It's less about adaptive value or not and more about body plan.

Your basic tetrapod body plan is pretty lizard-like (in turn, it's very basically a fish with four legs stuck on). The key thing about this body plan is that the main axis is horizontal. Makes sense, after all the ground is horizontal and that's what you are moving across.

Most tetrapods, heck, most vertebrates keep this basic orientation (for exceptions, see seahorses). Swimming, flying, walking, the body tends to be held horizontally. And this goes for bipedal movement too, which is actually pretty common. If the hind legs are longer than the front legs, and the animals has a big tail (like most tetrapods), it's pretty easy to get up on two legs. Tends to happen in lizards when they run, they are essentially just popping wheelies. Loads of dinosaurs also went around on two legs, with the body horizontal and the tail out behind for balance.

But this doesn't really work with most mammals, which tend to have piddly little tails and long front limbs. Which is why you rarely see any sort of bipedal mammal.

Now like I said, most vertebrates go around horizontally. What's an exception? Stuff in trees. Climbing, hanging from branches, that often puts the body vertical. And requires good balance too. Various primates will go vertical and even bipedal in trees, running along branches and doing that sort of thing, or swinging and leaping around upright.

When we get to apes, you have no tail at all, so there's no hope of going around horizontal-bipedal like a normal tetrapod. But Gibbons like to spring around in trees, run along branches, and walk upright quite a bit when forced onto the ground. Apes that spend less time in trees need to get around more efficiently.
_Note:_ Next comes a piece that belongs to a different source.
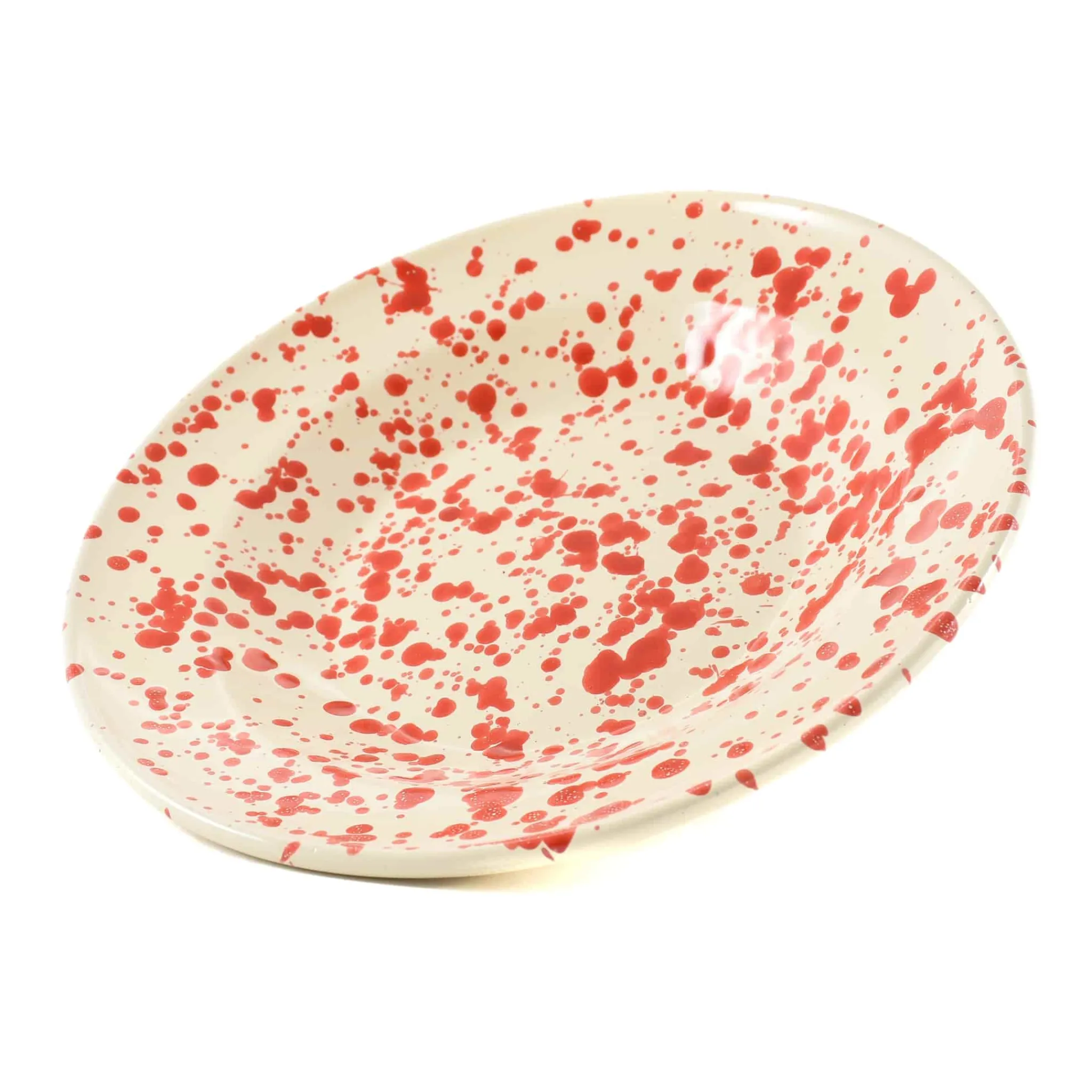 Puglia Handmade Puglia Red Splatter Pasta Bowl, 29cm Online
Chimps and gorillas seem to have adopted knuckle walking, hominids seem to have improved the original upright stance for efficient use on the ground.

But it's only the odd confluence of lack of a significant tail and preexisting history of upright orientation that makes upright movement plausible in hominids.

As for penguins, you'll note they also lack significant tails and (unlike most birds) have the feet at the very rear of the body to improve swimming efficiency. Which also leaves them stuck with no other options.